__REQUIRED WORK__
Show every line in the records below that contains the word "Black".

__DATA__
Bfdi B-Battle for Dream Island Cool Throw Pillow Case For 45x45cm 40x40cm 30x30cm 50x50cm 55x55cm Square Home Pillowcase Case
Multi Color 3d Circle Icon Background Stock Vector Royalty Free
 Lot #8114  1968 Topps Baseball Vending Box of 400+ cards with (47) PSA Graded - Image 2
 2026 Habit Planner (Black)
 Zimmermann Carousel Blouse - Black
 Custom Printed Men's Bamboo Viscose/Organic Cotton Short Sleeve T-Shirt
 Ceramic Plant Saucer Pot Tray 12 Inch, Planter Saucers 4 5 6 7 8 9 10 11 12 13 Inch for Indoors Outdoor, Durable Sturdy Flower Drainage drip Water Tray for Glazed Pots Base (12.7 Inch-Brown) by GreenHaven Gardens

__OUTPUT__
 2026 Habit Planner (Black)
 Zimmermann Carousel Blouse - Black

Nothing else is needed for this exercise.